### What you need to do
Restate all of the data exactly.

### Data excerpt
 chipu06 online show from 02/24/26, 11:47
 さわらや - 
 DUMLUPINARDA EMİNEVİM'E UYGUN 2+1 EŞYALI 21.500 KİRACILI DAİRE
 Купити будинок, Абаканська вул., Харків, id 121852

### Task response
 chipu06 online show from 02/24/26, 11:47
 さわらや - 
 DUMLUPINARDA EMİNEVİM'E UYGUN 2+1 EŞYALI 21.500 KİRACILI DAİRE
 Купити будинок, Абаканська вул., Харків, id 121852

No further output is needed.